- _DATASET ENTRIES_
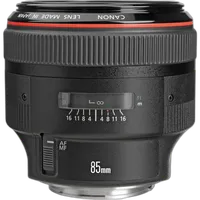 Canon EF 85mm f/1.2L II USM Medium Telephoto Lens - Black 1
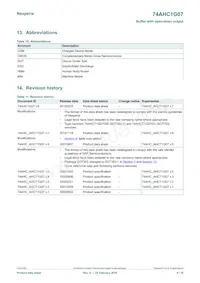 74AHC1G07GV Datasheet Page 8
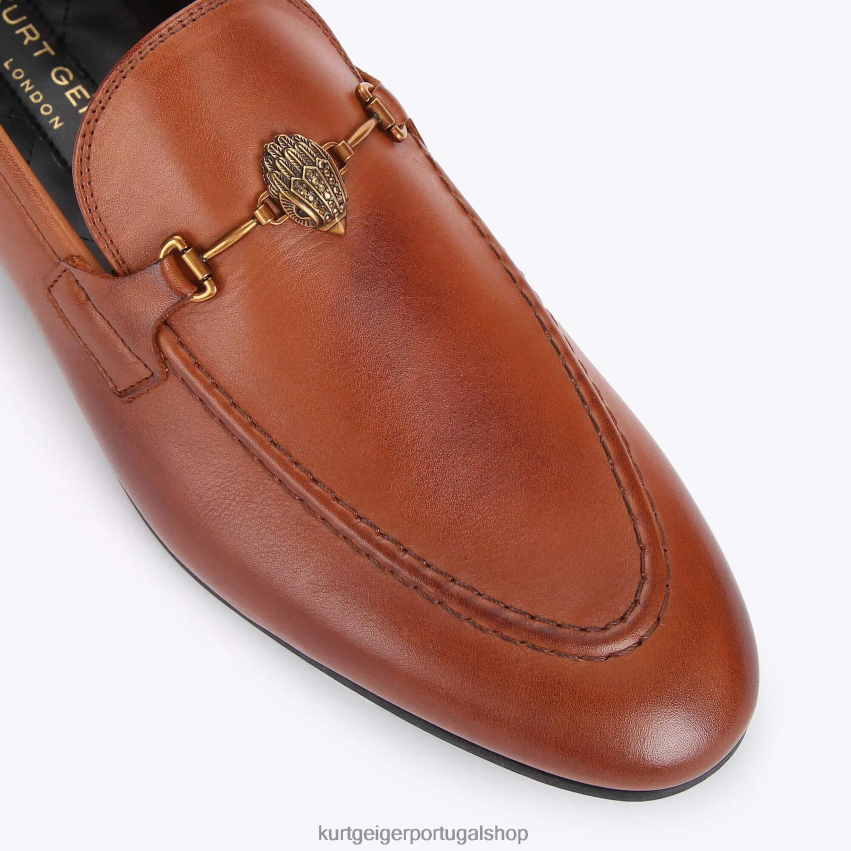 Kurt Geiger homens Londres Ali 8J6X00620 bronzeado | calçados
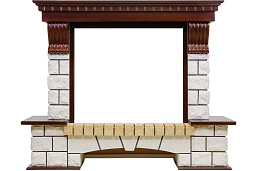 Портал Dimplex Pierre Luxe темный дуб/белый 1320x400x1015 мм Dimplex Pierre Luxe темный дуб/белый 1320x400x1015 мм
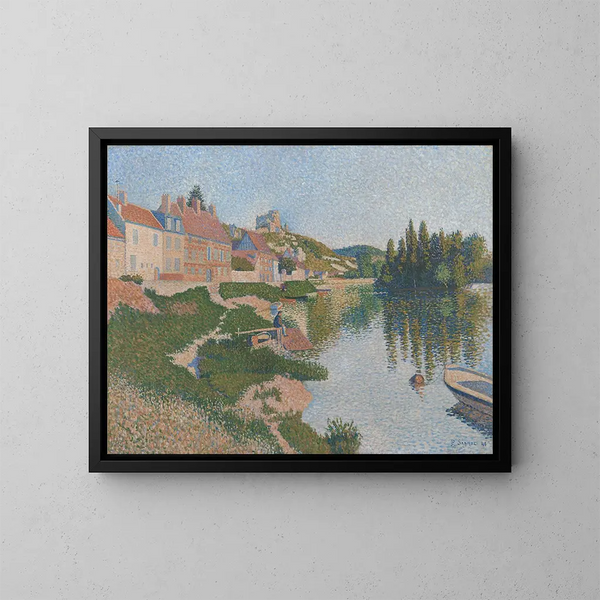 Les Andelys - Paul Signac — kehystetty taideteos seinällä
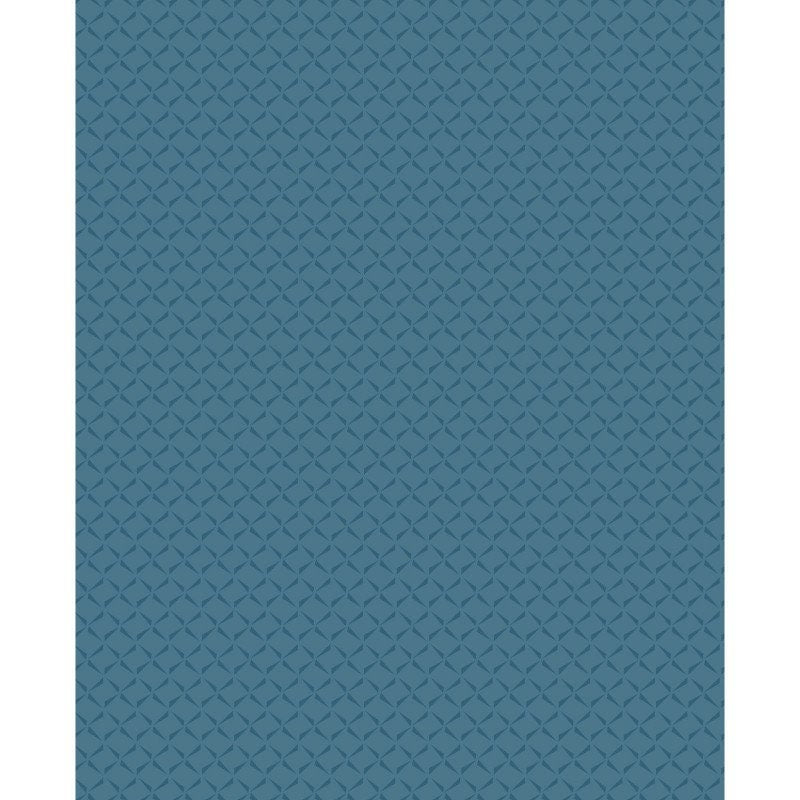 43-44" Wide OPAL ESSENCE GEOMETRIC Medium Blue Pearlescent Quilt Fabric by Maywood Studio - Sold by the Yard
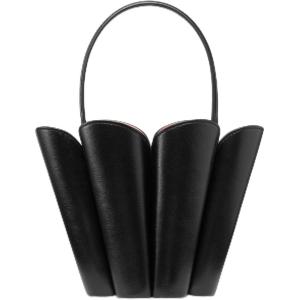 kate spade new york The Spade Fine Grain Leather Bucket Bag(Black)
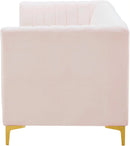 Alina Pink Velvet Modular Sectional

---

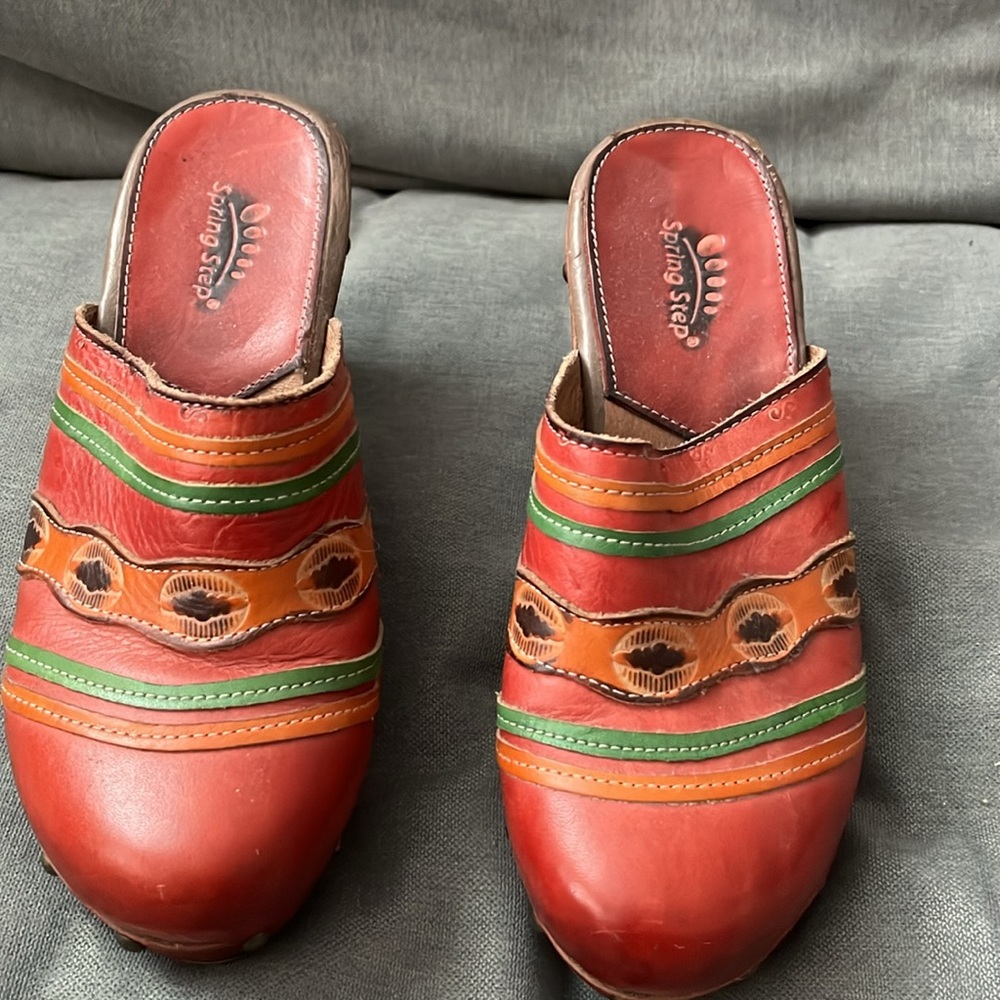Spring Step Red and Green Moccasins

- _WHAT YOU ARE ASKED TO DO_
Taking the entries above, extract every line from the one bearing "74AHC1G07GV Datasheet Page 8" through the one bearing "Alina Pink Velvet Modular Sectional", exactly, with no pictures.

- _EXERCISE OUTPUT_
 74AHC1G07GV Datasheet Page 8
 Kurt Geiger homens Londres Ali 8J6X00620 bronzeado | calçados
 Портал Dimplex Pierre Luxe темный дуб/белый 1320x400x1015 мм Dimplex Pierre Luxe темный дуб/белый 1320x400x1015 мм
 Les Andelys - Paul Signac — kehystetty taideteos seinällä
 43-44" Wide OPAL ESSENCE GEOMETRIC Medium Blue Pearlescent Quilt Fabric by Maywood Studio - Sold by the Yard
 kate spade new york The Spade Fine Grain Leather Bucket Bag(Black)
 Alina Pink Velvet Modular Sectional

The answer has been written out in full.